4.4 Basic plot recap
The code for the next couple of plots should be quite familiar from session 1. Before you run the code, try to visualise what it will look like from reading the code.
A bar chart of counts for the number of participants:
ggplot(dat, aes(language)) +
geom_bar() +
scale_x_discrete(name = "Language group",
labels = c("Monolingual", "Bilingual")) +
scale_y_continuous(name = "Number of participants",
breaks = seq(from = 0, to = 50, by = 10))
A histogram of participant age:
ggplot(dat, aes(age)) +
geom_histogram(binwidth = 1, fill = "wheat", color = "black") +
scale_x_continuous(name = "Participant age (years)") +
theme_minimal()
4.5 Data formats
To visualise the experimental reaction time and accuracy data using ggplot2
, we first need to reshape the data from wide format to long format. This step can cause friction with novice users of R. Traditionally, psychologists have been taught data skills using wide-format data. Wide-format data typically has one row of data for each participant, with separate columns for each score or variable. For repeated-measures variables, the dependent variable is split across different columns. For between-groups variables, a separate column is added to encode the group to which a participant or observation belongs.

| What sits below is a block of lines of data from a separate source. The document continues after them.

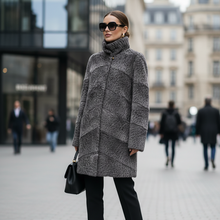 Įkelti nuotrauką į galerijos peržiūros programą, A woman stands on a city street wearing a gray textured faux-fur turtleneck coat with geometric paneling, black pants, black ankle boots, and carrying a black handbag.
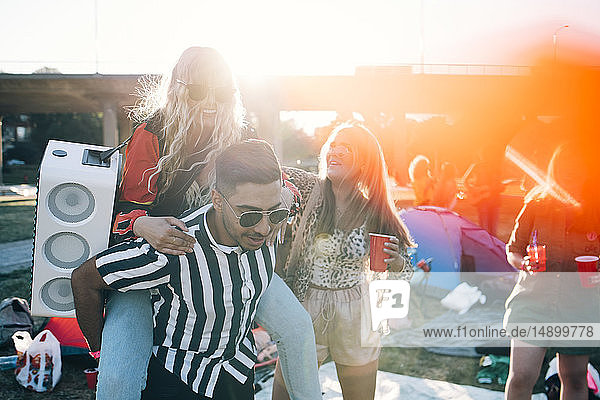 Mann nimmt Freundin mit Sprecher huckepack  während er am Musikfestival teil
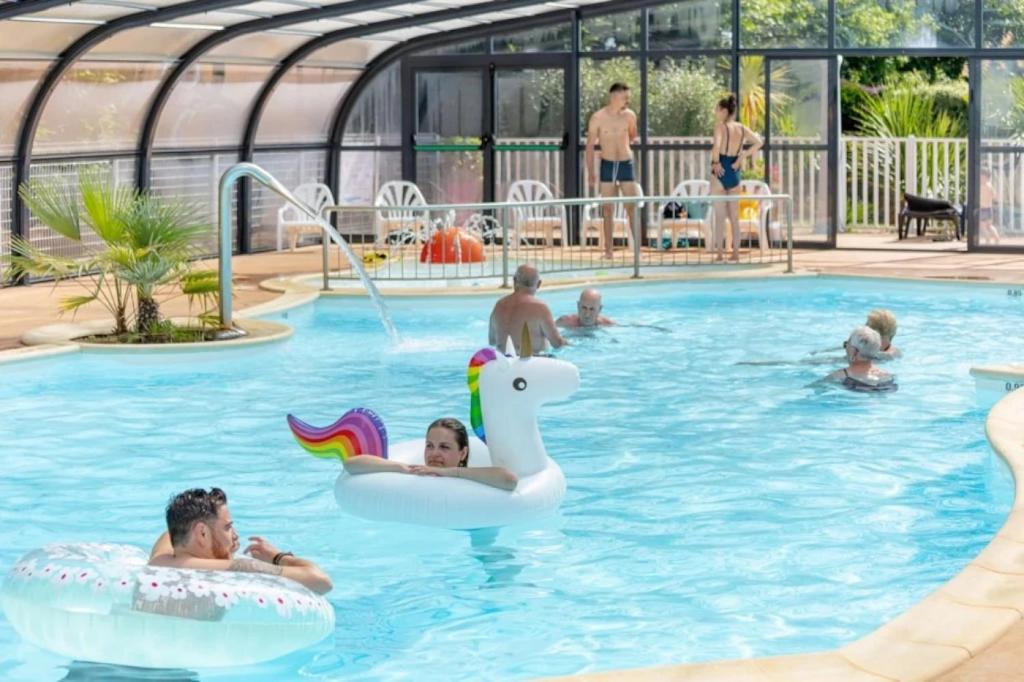 un groupe de personnes nageant dans une piscine dans l'établissement Camping 4 étoiles - Piscine - eec0di, à Fouesnant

The simulated lexical decision data is currently in wide format (see Table 4.1), where each participant's aggregated reaction time and accuracy for each level of the within-subject variable is split across multiple columns for the repeated factor of condition (words versus non-words).
id | age | language | rt_word | rt_nonword | acc_word | acc_nonword |
---|---|---|---|---|---|---|
S001 | 22 | monolingual | 379.46 | 516.82 | 99 | 90 |
S002 | 33 | monolingual | 312.45 | 435.04 | 94 | 82 |
S003 | 23 | monolingual | 404.94 | 458.50 | 96 | 87 |
S004 | 28 | monolingual | 298.37 | 335.89 | 92 | 76 |
S005 | 26 | monolingual | 316.42 | 401.32 | 91 | 83 |
S006 | 29 | monolingual | 357.17 | 367.34 | 96 | 78 |
Moving from using wide-format to long-format datasets can require a conceptual shift on the part of the researcher and one that usually only comes with practice and repeated exposure. It may be helpful to make a note that “row = participant” (wide format) and “row = observation” (long format) until you get used to moving between the formats. For our example dataset, adhering to these rules for reshaping the data would produce Table 4.2. Rather than different observations of the same dependent variable being split across columns, there is now a single column for the DV reaction time, and a single column for the DV accuracy. Each participant now has multiple rows of data, one for each observation (i.e., for each participant there will be as many rows as there are levels of the within-subject IV). Although there is some repetition of age and language group, each row is unique when looking at the combination of measures.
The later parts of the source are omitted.